Common Implementation Pitfalls

Several patterns come up repeatedly in Personnel Security readiness work.

Off-boarding that takes days or weeks to complete. An employee separates, HR processes the departure, and the security-side actions (account deactivation, badge recovery, device collection) occur on a delayed timeline. During the delay, the departed individual retains access that should have been revoked at separation. The remediation requires integration between HR and security processes so that personnel actions trigger security responses immediately rather than through a multi-day workflow.

Contractor and vendor staff treated differently from employees. Screening and personnel action processes apply rigorously to direct employees and loosely to contractors, vendors, and temporary staff. The PS controls apply to everyone with authorized access to CUI systems, regardless of employment arrangement. The remediation requires extending the PS discipline to all individuals within the assessment scope.

Role changes not triggering authorization review. An employee transfers to a new role, and the access appropriate to the new role is added. The access appropriate to the old role remains in place. Over time, the individual accumulates authorizations that exceed any current role, which creates least-privilege findings in AC even though the PS events that caused the accumulation were each handled correctly in isolation. The remediation requires treating role changes as authorization review events, not just authorization addition events.

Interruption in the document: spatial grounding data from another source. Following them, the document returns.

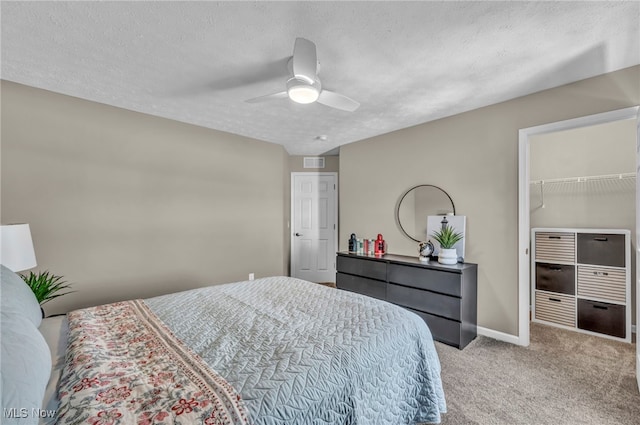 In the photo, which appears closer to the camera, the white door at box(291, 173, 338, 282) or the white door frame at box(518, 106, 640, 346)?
the white door frame at box(518, 106, 640, 346)

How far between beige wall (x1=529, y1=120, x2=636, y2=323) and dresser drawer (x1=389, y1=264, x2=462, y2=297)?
66.6 inches

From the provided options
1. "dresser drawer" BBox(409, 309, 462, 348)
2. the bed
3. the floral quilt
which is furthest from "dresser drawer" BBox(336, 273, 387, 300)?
the floral quilt

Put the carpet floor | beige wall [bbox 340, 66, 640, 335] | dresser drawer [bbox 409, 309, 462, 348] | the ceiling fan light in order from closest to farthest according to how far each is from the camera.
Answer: the carpet floor → the ceiling fan light → beige wall [bbox 340, 66, 640, 335] → dresser drawer [bbox 409, 309, 462, 348]

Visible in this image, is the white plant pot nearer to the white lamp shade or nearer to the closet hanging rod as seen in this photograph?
the closet hanging rod

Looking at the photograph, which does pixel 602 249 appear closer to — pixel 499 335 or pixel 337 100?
pixel 499 335

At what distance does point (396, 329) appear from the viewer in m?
1.52

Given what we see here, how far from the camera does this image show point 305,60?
1795mm

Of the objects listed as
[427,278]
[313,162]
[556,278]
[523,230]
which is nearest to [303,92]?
[427,278]

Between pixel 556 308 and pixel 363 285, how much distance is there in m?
2.13

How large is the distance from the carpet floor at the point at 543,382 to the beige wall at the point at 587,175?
2.84 feet

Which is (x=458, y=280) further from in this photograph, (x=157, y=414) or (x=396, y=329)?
(x=157, y=414)

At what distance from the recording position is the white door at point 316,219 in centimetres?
503

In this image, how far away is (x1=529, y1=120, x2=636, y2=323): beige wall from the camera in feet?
9.50

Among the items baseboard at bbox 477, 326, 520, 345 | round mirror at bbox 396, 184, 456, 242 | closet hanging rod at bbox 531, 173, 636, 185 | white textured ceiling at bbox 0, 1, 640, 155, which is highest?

Screening limited to criminal background only. The screening process verifies criminal history but does not address employment verification, reference checks, or other indicators appropriate to the access level. For individuals who will hold privileged access or handle highly sensitive CUI, a criminal background check alone is often insufficient to satisfy the risk-commensurate standard that PS.3.9.1 implies.

No integration between HR systems and security processes. HR manages personnel records in a system that the security team does not have visibility into. Security processes rely on manual notification from HR, and notifications are inconsistent. The remediation is a documented integration between HR events and security responses, whether through automated system integration or through a documented workflow that both teams execute reliably.

Temporary personnel with permanent-level access. A contractor or temporary employee is granted the same access level as a permanent employee in a similar role. When the assignment ends, the access is not immediately revoked because the temporary status was not flagged in the authorization system. The remediation is explicit tracking of temporary authorization with scheduled expiration, rather than assuming that temporary status will be remembered and acted on at the right time.

Where to Start

For an organization new to the PS domain, the first work is the authorization map.

The foundational deliverable is a map of every individual with authorized access to CUI systems, their role, the screening status that supports the authorization, and the personnel status that keeps the authorization current. The map must cover direct employees, contractors, vendors, and any other individuals who hold authorized access. Without this map, PS.3.9.1 cannot be evidenced and PS.3.9.2 cannot be operated because the organization does not know which authorizations to adjust when personnel actions occur.

The second deliverable is the personnel action workflow. A documented process that defines what security-side actions follow from each personnel event type, who executes them, and what evidence documents completion. The workflow must produce records that show the timeliness of responses to personnel actions, which is the assessable evidence for PS.3.9.2.

With the authorization map and personnel action workflow in place, the PS domain becomes a matter of operational discipline rather than design. The controls are few, but the coordination they require between HR and security is a practical exercise that many organizations find requires ongoing attention rather than one-time setup.